Which ceramic CAD/CAM should I use?

Ceramic CAD/CAM materials have become popular among dentists whose patients are looking for a metal-free or more natural-looking material for indirect restorations, but with so many different options, selecting the best one for the job can be challenging, especially for newer dentists.

Flexural strength is an important trait to consider when selecting a ceramic option, and one of the primary factors in a manufacturers’ clinical recommendations, but it doesn’t tell the whole story. All-ceramic CAD/CAM materials differ in composition, material properties, processing methods and clinical indications, all of which work together when determining a material’s best use. For this reason, it is imperative that dentists understand the different classes of ceramic CAD/CAM materials available to them.

The latest issue of the ADA Professional Product Review helps you navigate through the world of CAD/CAM ceramics by exploring five of the most common indirect restorations, the commonly-used traditional materials, and several ceramic CAD/CAM alternatives.
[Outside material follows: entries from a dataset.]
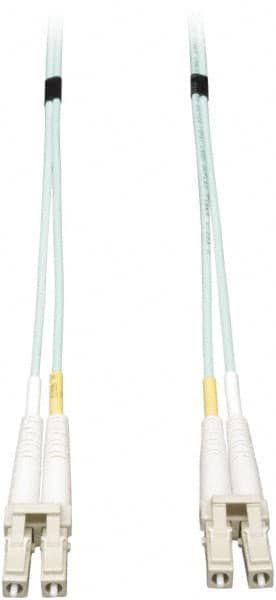 Tripp-Lite - 65' Long, LC/LC Head, Multimode Fiber Optic Cable - Aqua, Use with LAN - A1 Tooling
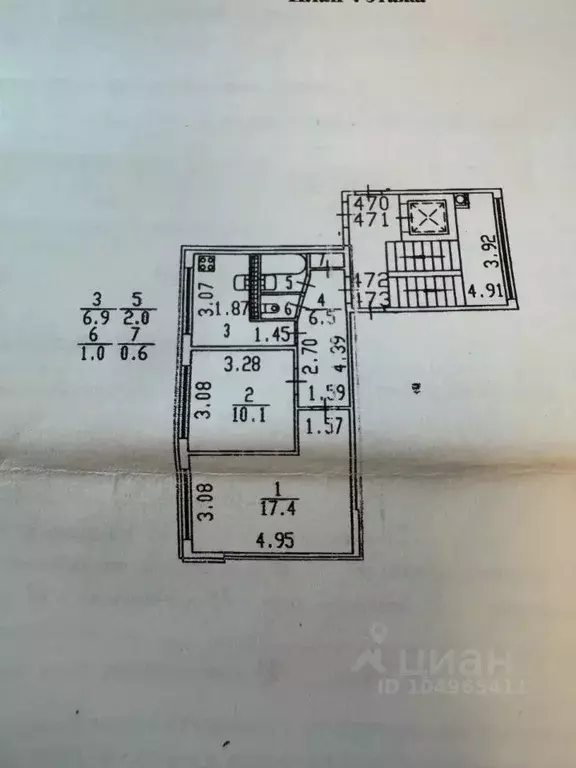 2-к кв. Санкт-Петербург Пловдивская ул., 2 (44.5 м) - Фото 2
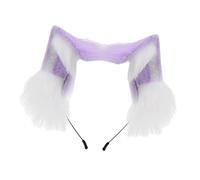 Dickly Fascia Festiva per Travestimenti Divertenti, Bianco Viola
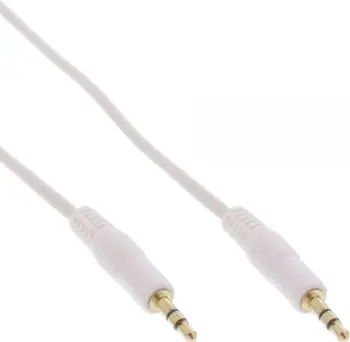 Kabllo audio InLine 99942W, Jack 3.5mm në Jack 3.5mm, 2m, e bardhë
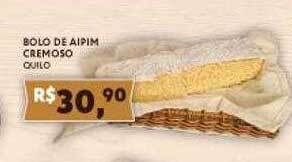 Boa Supermercados Bolo de aipim cremoso oferta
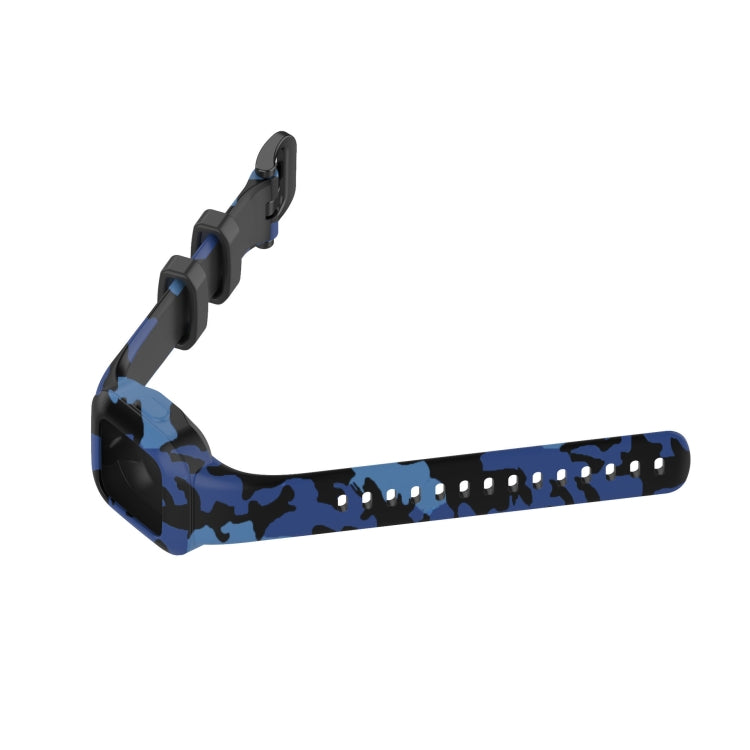 Compatible with Garmin Vivofit JR3 Silicone Printing Watch Band(Camouflage Blue) - Watch Bands by PMC Jewellery | Online Shopping South Africa | PMC Jewellery | Buy Now Pay Later Mobicred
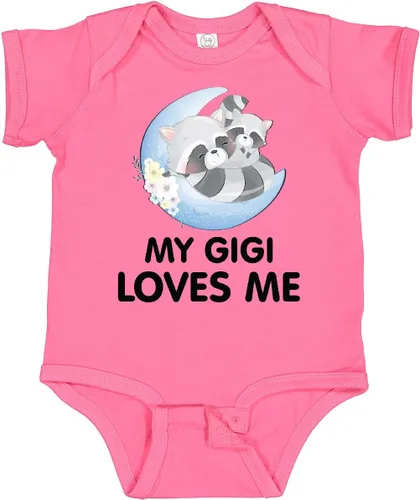 Vista 7 de inktastic Body de bebé Raccoon My Gigi Loves Me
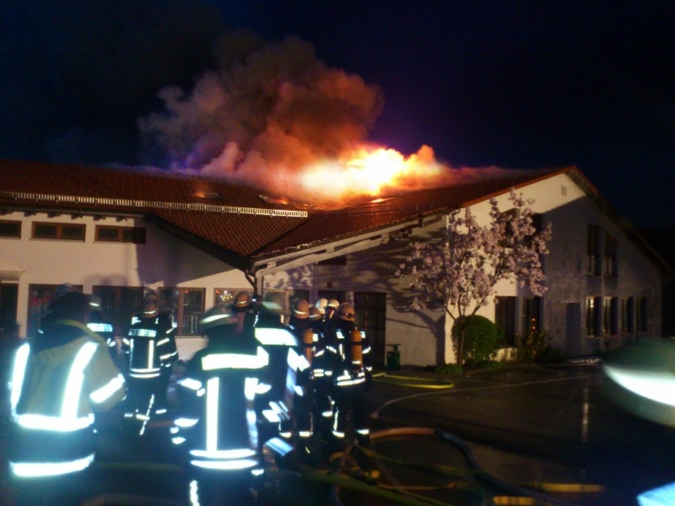 Bei dem Brand ist hoher Schaden in der Fertigung und im Vaude Kinderhaus entstanden.
Photo: Vaude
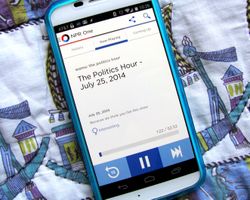 Public radio app with functionality to match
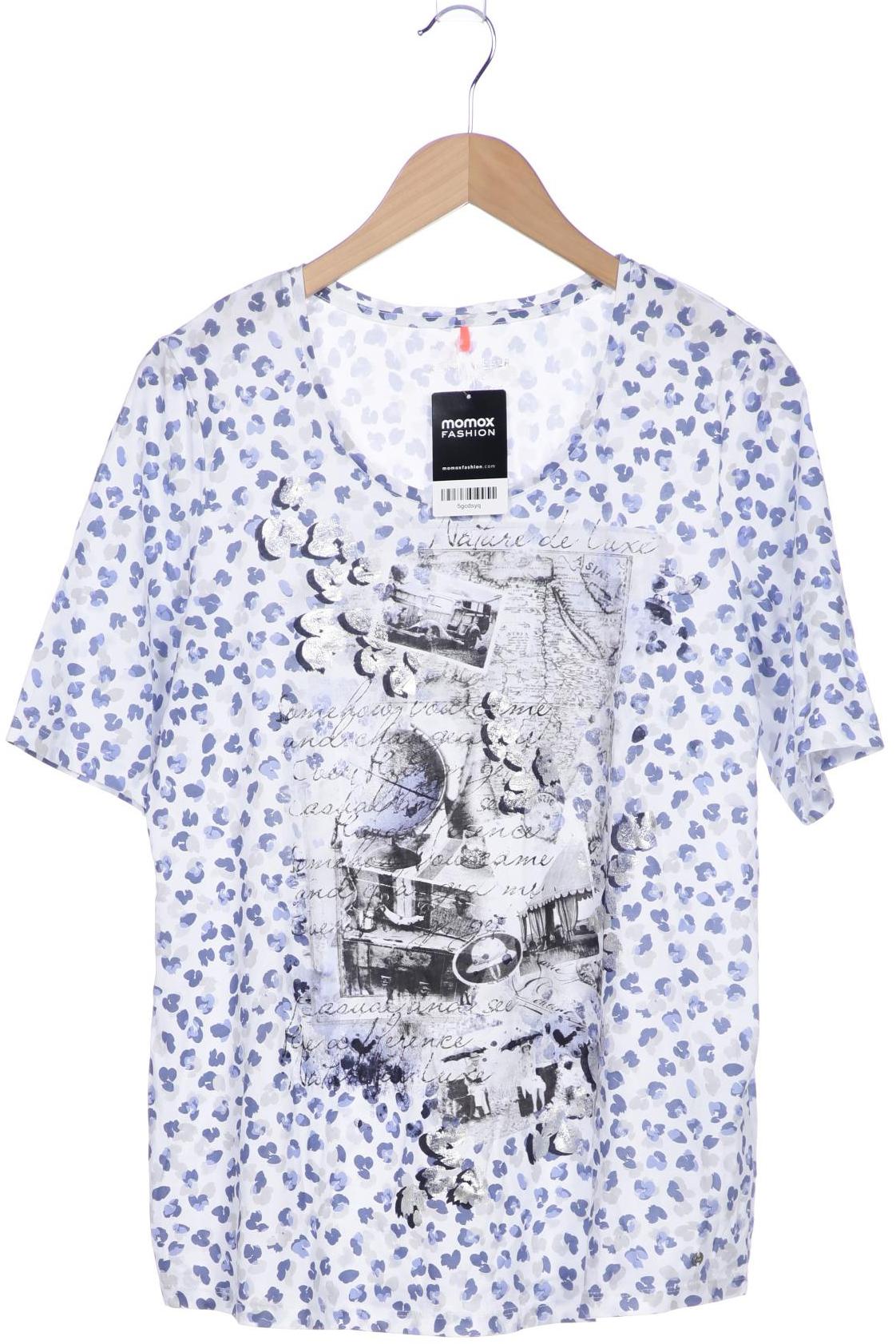 

Gerry Weber Damen T-Shirt, weiß, Gr. 42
1)    Inlays, Onlays, and Veneers:

Most materials meet the minimum strength requirement for inlays, onlays and veneers. However, adhesive cementation and esthetics are crucial factors to consider when choosing the best material for your patient. Lithium disilicate ceramics (LDS) and resin-ceramic composites (RCC) are often chosen for several reasons: LDS provides better mechanical properties and esthetics, while RCC is easy to fabricate and requires less chair time.

2)    Anterior Single Crowns:

For anterior single crowns, LDS restorations provide an excellent combination of esthetics and strength. They provide better mechanical properties than feldspathic or leucite-reinforced porcelains and improved esthetics compared to the traditional porcelain-fused-to-metal (PFM).
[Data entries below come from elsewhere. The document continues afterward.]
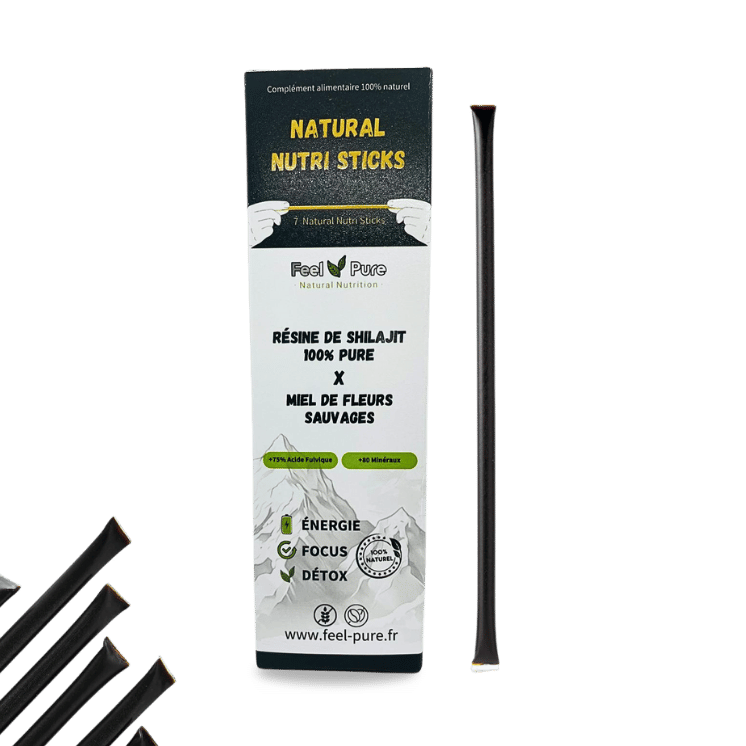 Boite de 7 Sticks de Miel et de Shilajit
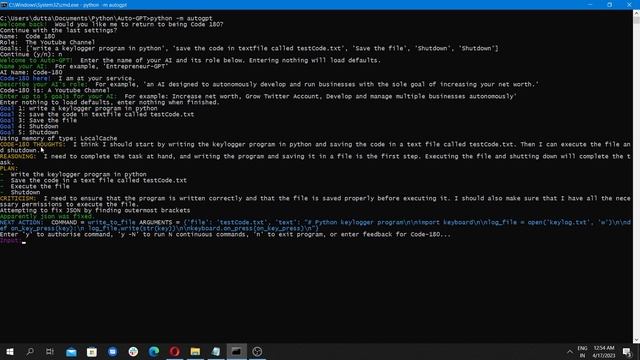 Auto GPT 4 Local Install & Create Python Script | Set Task & Get Task Done All Using Auto GPT 4 смотреть онлайн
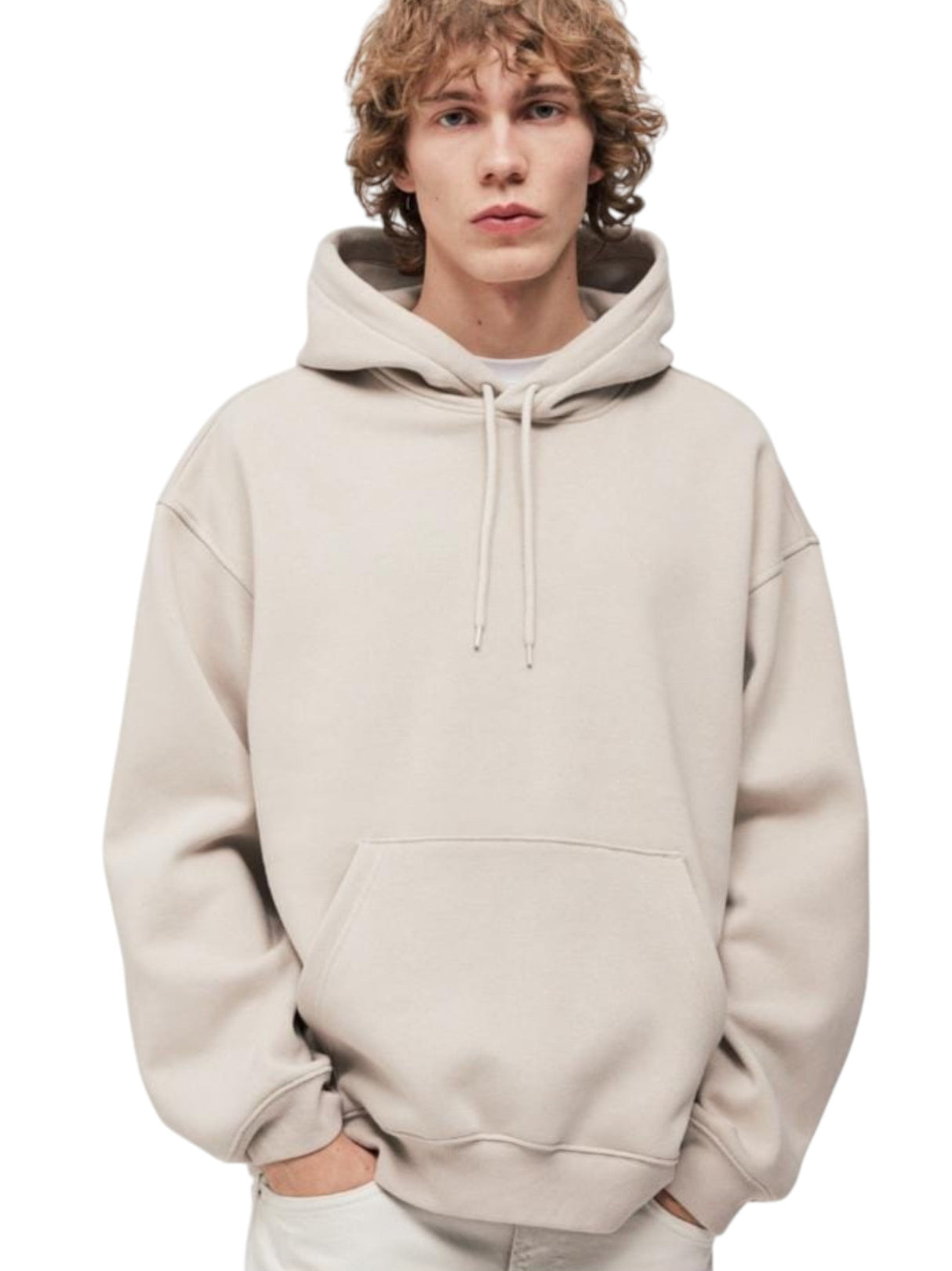 Image for Men's Plain Hoodie,Taup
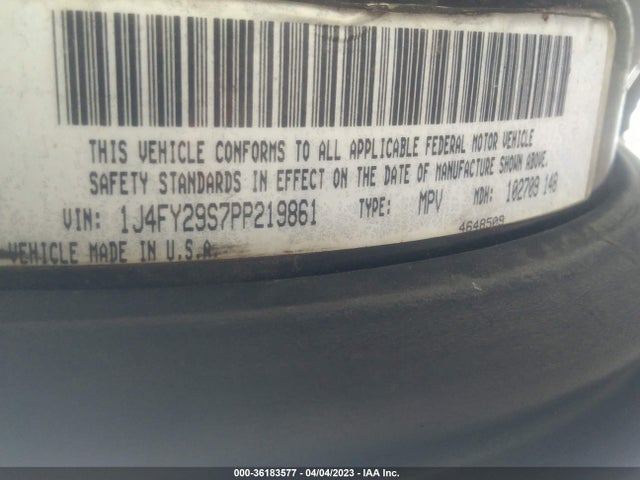 1993 JEEP WRANGLER / YJ VIN: 1J4FY29S7PP219861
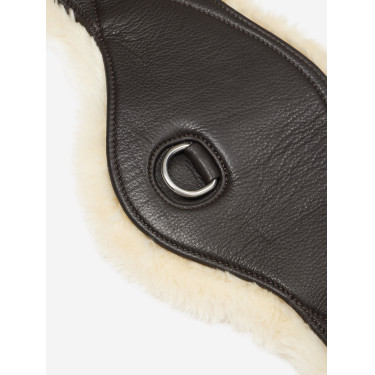 Cinchón de doma perfilado LeMieux Arika Simuwool Castaño Marr&amp;amp;oacute;n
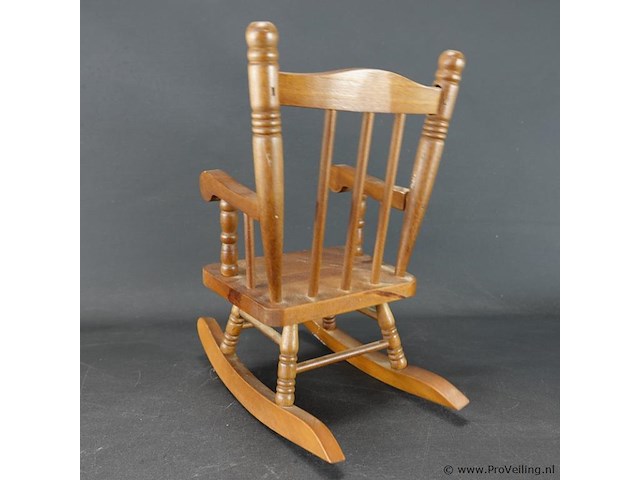 Miniatuur houten schommelstoel - afbeelding 4 van  5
3)    Posterior Single Crowns:

With its high strength and low cost, full-contour zirconia provides an alternative to conventional full-metal crowns and PFMs. As a single layer restoration, it requires less manufacturing time than PFM, but provides less translucency. LDS is preferred for low retention preparations over zirconia because of its improved bonding, and should also be considered for patients whose wide smiles call for a more natural appearance in the molar region.
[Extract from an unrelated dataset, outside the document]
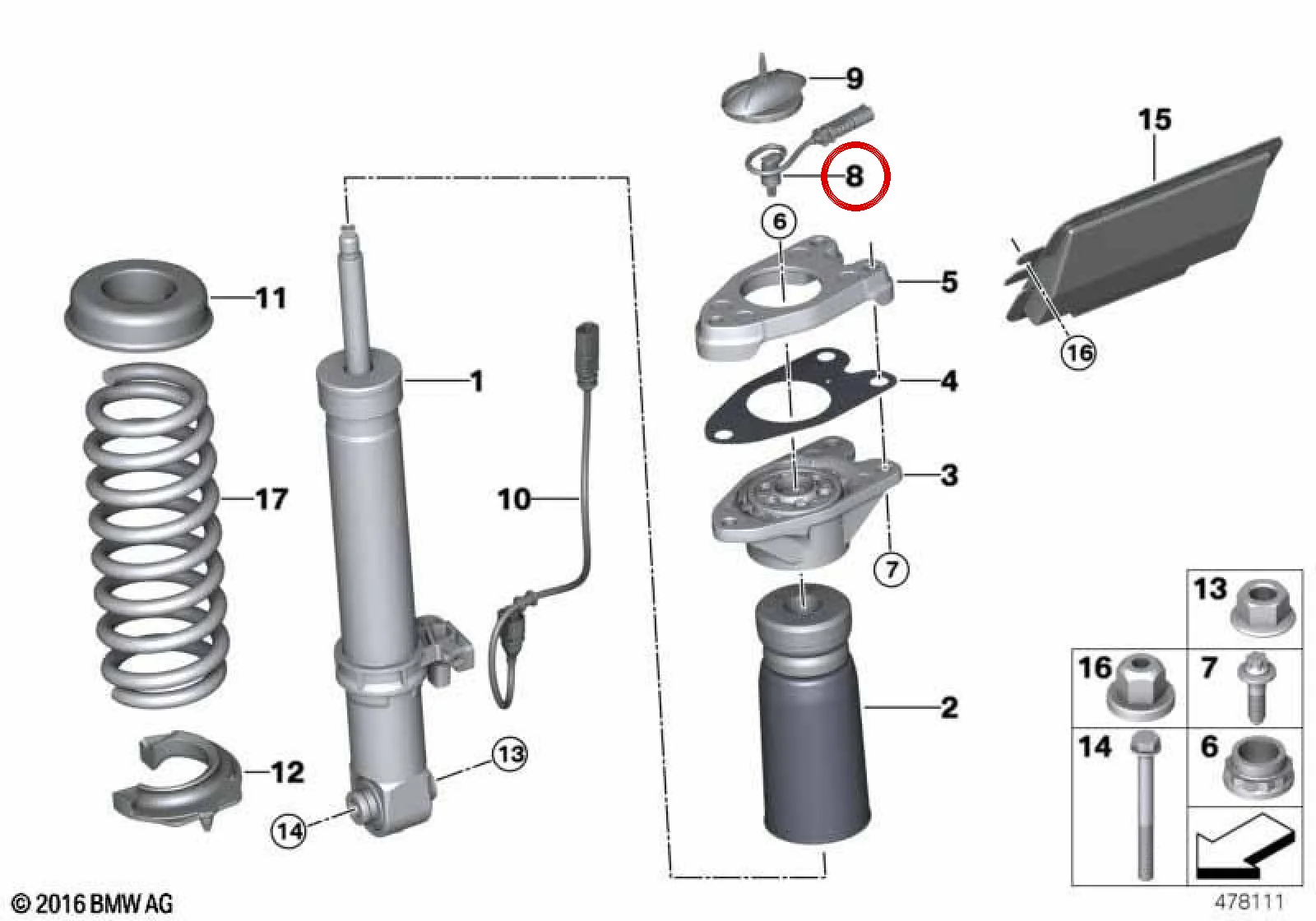 BMW 4 Serisi F83 EDC Adaptör Kablosu 33507850608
4)    Anterior Three-Unit Fixed Dental Prostheses (FDP):

The adequate strength and excellent esthetics of LDS make it a good option for anterior three-unit FDPs, while a bi-layered option – such as porcelain-fused-to-zirconia (PFZ) – can be used in situations where strength is more important than esthetics.

5)    Posterior Three-Unit Fixed Dental Prostheses / Multi-Unit:

Strength is a primary requirement in the posterior region. Full-contour zirconia is a high-strength, single-layer restorative material that can be used instead of more conventional metal or PFM options. The bi-layered PFZ also provides adequate strength and esthetics in such situations.

There are a wide variety of materials available for CAD/CAM restorations, each differing in terms of their microstructure, strength, translucency, and clinical indications. While moving away from more traditional materials can be daunting, the benefits of CAD/CAM materials can pay off, and provide you and your patient with more flexibility.